少し前の話だ。
あるシステム開発会社の新卒採用の担当者から連絡があり、
「「内定承諾書提出の期限を伸ばして欲しい」と内定を出した学生から言われたが、期限を延ばしても良いかどうか迷っている」
と相談があった。
まず、法律的な話をすれば、すでに学生に対して内定通知は出しているのだから、企業は内定の承諾をしてもしなくても「内定取り消し」はできない。
内定を出した以上、あとは学生の選択に委ねることになる。だから実は「内定承諾書」自体に大した意味はない。
被用者たる学生の立場は強いのだ。
ただ、だからといってなんでも許される、というわけではない。
一般的には学生が「内定承諾書の提出」を拒否すれば、「入社はしません」というのと同義と企業は考えるだろう。
後から「やはり入社します」と言っても、企業側が採用予定人数を充足してしまっている場合は、入社を拒否されてもおかしくはない。
このケースでは内定を出して1,2週間で入社を承諾するか、それとも他に行くか。決めなければならないが、その結論を出す日を延長してくれ、という学生さんは言っている。
私は担当者に訊ねた。
「内定承諾の期限を多少伸ばすくらいであれば、問題はないのでは?」
すると、新卒採用の担当者は言った。
「実は、この学生さん、社長面接と役員面接では「御社に絶対に入りたい」と言ってたのです。なので、それが決め手になって、内定を出しました。」
「はい。」
「ところが、内定を出した後、「他の会社も見たいから、内定承諾の期限を延長してくれ」と突然言われたのです。社長は怒ってしまって、「ウソを言う学生は要らない。」と言っています。私も正直、微妙な思いです。」
「なるほど……」
「ウソはやめてくれ、第二志望なら第二志望と言ってくれと、あれほど言っていたのに、こういうことをされると、こっちが学生を不信に思ってしまいすよ。」
面接で学生が「盛る」ことは少なからずある。
だが「絶対に御社に行きたいです」と言っておいて、「他を受けているので」と言われた側の気持ちは確かに良くないだろう。
彼らの言い分は「ビジネスは信用が第一なのに、手のひらを簡単に返す人間を入社させていいのか」である。
「社長は、虚偽を言ったのだから、内定取り消しも辞さない、といいそうですが、どうしたら良いかと思いまして……。
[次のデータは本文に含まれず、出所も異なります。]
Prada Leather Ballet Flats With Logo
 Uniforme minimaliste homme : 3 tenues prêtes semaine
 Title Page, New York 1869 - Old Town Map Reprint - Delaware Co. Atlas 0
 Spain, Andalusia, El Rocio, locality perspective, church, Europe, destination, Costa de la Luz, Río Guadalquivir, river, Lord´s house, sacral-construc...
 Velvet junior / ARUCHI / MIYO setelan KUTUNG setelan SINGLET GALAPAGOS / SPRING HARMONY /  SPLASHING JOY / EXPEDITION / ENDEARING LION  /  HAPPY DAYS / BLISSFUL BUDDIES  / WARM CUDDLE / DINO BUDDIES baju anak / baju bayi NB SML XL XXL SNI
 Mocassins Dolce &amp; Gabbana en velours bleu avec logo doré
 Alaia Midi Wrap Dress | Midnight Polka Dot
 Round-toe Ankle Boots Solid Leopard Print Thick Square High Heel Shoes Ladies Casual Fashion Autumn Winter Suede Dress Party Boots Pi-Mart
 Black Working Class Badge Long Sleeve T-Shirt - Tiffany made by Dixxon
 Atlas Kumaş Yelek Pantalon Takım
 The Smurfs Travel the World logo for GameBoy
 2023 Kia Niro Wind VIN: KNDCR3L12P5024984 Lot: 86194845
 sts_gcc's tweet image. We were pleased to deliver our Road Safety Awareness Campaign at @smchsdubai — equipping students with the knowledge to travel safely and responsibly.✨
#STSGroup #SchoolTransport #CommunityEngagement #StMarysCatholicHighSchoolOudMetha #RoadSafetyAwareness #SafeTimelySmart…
」
ただ、冷静になると学生の気持ちもわからなくはない。内定を獲得しておいて、より良い企業に受かったら内定を辞退する。合理的に考えればウソもつくだろう。
「所詮この世は化かし合い」「騙される方が悪い」と考える方もいる。
私は社長と話した。
「どうなさるつもりでしょうか?」
「正直、頭にきた。」
「そうですよね。」
「でも、結局内定承諾の延長には応じることにした。」
「そうなんですか。なぜですか?」
「法的に内定の取り消しはできないし、不満を抱えて会社に入ってもらっても困る。」
「確かにそうですね。」
「それに、私は社員の自由を尊重する。会社がバカにされたようで、腹は立つが。」
だが、実は私は知っていた。社長は多分認めるだろう、ということを。
なぜなら、数年前に新卒採用した社員に「なぜこの会社に入社したのですか?」とヒアリングをかけた時に彼はこう答えたのだ。
「社長が信用できそうだ、と思ったからですよ。」
「なぜですか?」
「内定をもらったあと、親から就職先についていろいろ言われたんです。「本当にそこでいいのか」って。そこで、「就職活動を続けたいので、内定承諾を待ってください」と言ったんですよ。そしたら社長、「自分が納得するまでやってくれ」って言ったんです。それで、この会社に決めました。」
社長の思惑とは異なるかもしれないが、「寛容な人は、信用できる」と考える人もいる。
騙されても「寛容」を貫くのは大変かもしれないが。